The complete subrogation rights enjoyed by insurers now mean that they are exposed to relatively little risk.  What risk they may indeed be exposed to is normally covered by elaborate bank guarantee arrangements which are cumbersome, expensive, onerous and odorous for contractors.  And yet, as the risks to insurers have fallen, and the benefits to consumers eroded, so have the premiums risen.

 

The Association’s insurance brokers have recently withdrawn from offering home warranty insurance.  There experience over the past six months has been that the procedures and paperwork demanded by the insurers imposes an administrative cost of nearly $400 on the broker’s office every time an application has to be processed. 

 

 

 

 

 

Consistency with Schemes in Other States

 

If one of the aims of the most recent amendments to the scheme in NSW was to bring some consistency between the various state schemes, then there is one important area where that aim has not been achieved.  NSW is the ONLY state in which painting and decorating contractors are required to have home warranty insurance.

 

Criteria for Approval of Insurance Providers

 

Since the scheme was introduced, Master Painters Association has argued for an arrangement that allowed the required and entirely justifiable level of consumer protection to be provided by industry-based mutual fund arrangements. However, the requirement that “insurance” providers meet APRA requirements has our proposal impossible to implement. Moreover, it has proven impossible to find an insurance underwriter to provide cover against the unlikely event that a “catastrophic” incidence of claims might exceed the capacity of the mutual fund to pay.
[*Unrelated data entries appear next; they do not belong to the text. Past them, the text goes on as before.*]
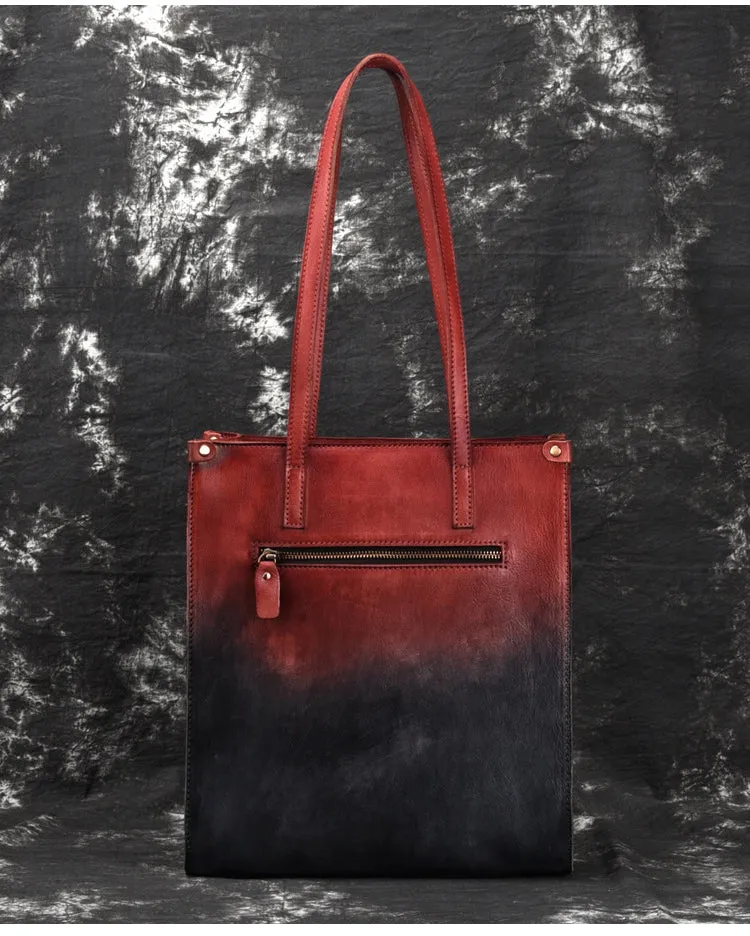 Vintage Womens Genuine Leather Tote Handbags Brush Off Leather Shoulder Purse For Women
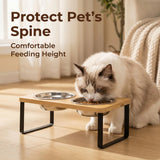Ciotole Doppie Smart Innova in Acciaio e Bamboo per Animali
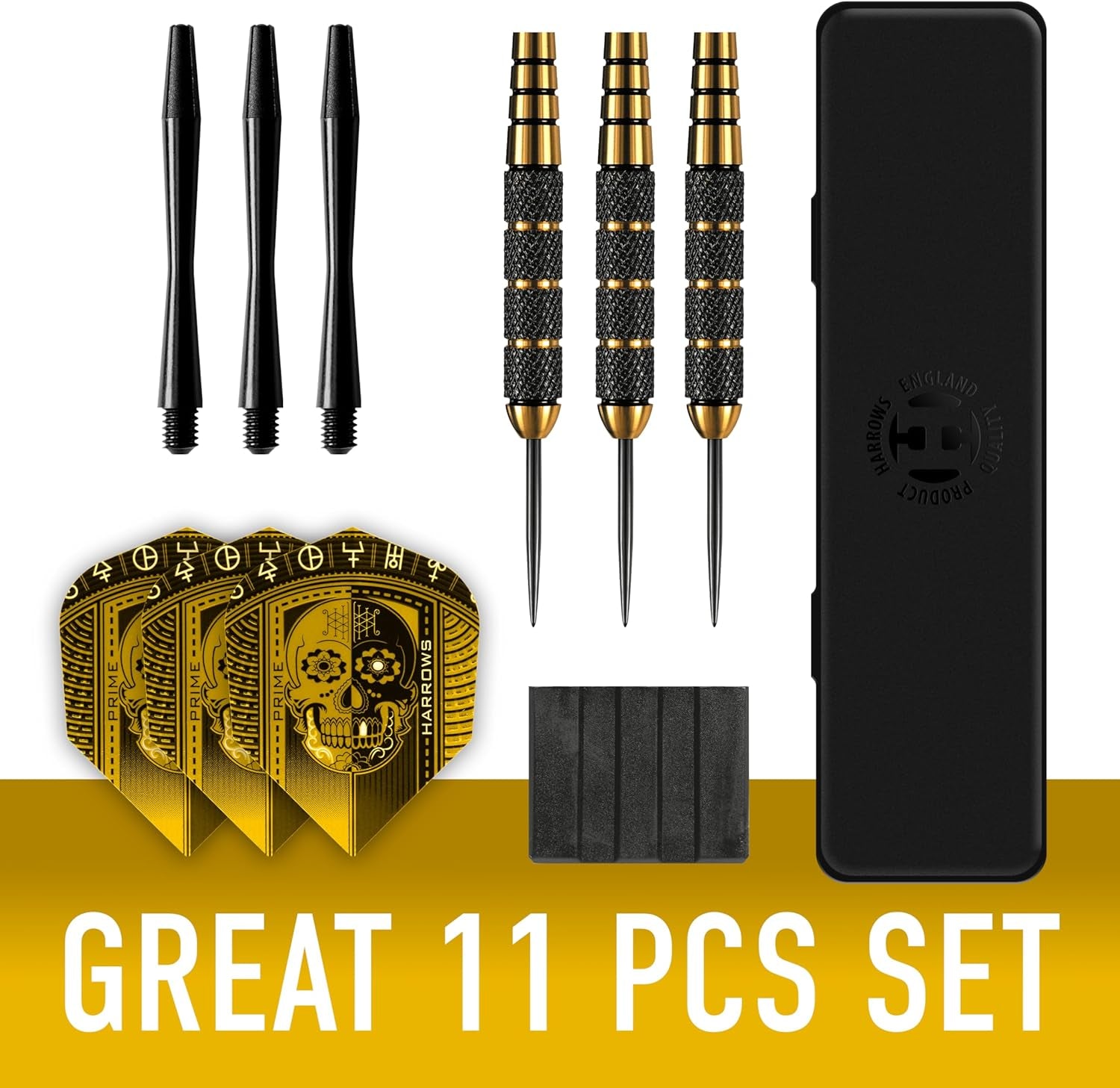 Voodoo Brass Steel Tip Darts Set 19g, 21g, 23g, 25g & 27g - Professional Darts Set - Includes Speedline shafts, Marathon Gold Flights & Travel Case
The underwriters for such cover must, after all, come from the same pool as the existing insurers providing regular home warranty insurance.

 

Recommendations

 

EITHER         

 

Treat painters in NSW the same way they are treated in all other states, and remove altogether the requirement for warranty insurance in NSW for non-structural, single trade domestic works (ie where the painting contractor is the SOLE contractor engaged by a home owner, and the painting contractor does not engage any other trade contractors)

 

OR

 

Remove the requirement that warranty insurance providers meet APRA criteria and allow for industry-based, mutual funds with a stronger, first-resort “fix the workmanship problem first” orientation AND if necessary provide government guarantees to back such funds in their early years while they accumulate sufficient reserves to provide for (highly unlikely) “catastrophic” claims.